Pick each line that has "preview" out of the records.

(Short descriptive text snippets)

= Beginning of Section =

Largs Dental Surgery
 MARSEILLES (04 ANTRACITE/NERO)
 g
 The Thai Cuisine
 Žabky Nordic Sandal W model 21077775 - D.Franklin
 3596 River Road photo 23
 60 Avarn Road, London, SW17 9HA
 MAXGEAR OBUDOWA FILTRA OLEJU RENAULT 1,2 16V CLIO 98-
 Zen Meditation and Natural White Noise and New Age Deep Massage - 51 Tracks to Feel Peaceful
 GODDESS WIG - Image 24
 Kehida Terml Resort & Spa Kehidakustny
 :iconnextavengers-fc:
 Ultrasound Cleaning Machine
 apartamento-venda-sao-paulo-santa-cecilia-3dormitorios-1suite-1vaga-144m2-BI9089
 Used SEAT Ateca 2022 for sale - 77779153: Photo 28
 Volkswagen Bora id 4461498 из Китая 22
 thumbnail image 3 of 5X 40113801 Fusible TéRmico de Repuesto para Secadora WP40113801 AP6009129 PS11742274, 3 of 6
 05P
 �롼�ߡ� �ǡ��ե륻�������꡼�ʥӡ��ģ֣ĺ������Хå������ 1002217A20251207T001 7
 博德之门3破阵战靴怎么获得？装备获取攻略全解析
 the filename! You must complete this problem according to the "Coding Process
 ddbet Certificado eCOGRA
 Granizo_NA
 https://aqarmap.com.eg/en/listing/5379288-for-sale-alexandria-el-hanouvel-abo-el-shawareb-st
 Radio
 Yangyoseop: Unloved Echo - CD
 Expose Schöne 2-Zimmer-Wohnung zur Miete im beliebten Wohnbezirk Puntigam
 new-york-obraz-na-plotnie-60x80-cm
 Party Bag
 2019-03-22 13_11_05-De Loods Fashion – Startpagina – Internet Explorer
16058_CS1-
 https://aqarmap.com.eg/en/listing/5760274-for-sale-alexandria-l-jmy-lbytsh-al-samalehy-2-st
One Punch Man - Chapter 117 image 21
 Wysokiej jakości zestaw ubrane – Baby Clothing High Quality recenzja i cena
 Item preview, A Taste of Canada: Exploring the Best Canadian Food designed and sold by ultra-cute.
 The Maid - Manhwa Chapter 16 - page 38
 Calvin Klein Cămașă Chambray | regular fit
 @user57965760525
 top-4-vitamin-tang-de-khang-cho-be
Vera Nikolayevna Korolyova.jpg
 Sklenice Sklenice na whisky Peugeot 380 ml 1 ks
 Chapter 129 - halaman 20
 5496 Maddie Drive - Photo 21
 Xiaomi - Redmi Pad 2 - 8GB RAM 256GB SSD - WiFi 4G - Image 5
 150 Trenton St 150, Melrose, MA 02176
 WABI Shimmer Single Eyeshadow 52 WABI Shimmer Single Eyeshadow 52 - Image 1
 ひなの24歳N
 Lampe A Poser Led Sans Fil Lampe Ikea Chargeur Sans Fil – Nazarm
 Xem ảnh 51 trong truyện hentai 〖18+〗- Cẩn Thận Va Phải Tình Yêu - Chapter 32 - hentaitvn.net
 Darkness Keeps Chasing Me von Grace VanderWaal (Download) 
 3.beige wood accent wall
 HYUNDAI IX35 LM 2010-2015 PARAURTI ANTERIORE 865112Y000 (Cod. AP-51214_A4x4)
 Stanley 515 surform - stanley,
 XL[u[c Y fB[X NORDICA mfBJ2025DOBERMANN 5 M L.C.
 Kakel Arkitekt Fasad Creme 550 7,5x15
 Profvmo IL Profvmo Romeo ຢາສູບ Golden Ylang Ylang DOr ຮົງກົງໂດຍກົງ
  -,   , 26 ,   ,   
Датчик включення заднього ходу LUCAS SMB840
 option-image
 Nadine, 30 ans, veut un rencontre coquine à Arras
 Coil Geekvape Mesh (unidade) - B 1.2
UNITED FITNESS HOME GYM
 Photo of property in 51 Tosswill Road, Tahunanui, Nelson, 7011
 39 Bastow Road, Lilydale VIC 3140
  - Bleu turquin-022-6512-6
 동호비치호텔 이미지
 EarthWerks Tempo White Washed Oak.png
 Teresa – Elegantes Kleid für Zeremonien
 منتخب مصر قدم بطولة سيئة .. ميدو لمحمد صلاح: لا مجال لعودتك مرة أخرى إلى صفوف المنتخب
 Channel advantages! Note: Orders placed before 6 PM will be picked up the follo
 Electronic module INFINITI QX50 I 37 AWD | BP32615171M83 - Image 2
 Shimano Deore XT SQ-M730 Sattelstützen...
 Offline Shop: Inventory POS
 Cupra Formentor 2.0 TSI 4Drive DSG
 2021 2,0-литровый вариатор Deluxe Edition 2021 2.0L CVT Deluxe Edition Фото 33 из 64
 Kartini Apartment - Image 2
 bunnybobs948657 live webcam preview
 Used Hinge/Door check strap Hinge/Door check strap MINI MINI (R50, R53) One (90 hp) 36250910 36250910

= End of Section =

§ Answer space:
 Item preview, A Taste of Canada: Exploring the Best Canadian Food designed and sold by ultra-cute.
 bunnybobs948657 live webcam preview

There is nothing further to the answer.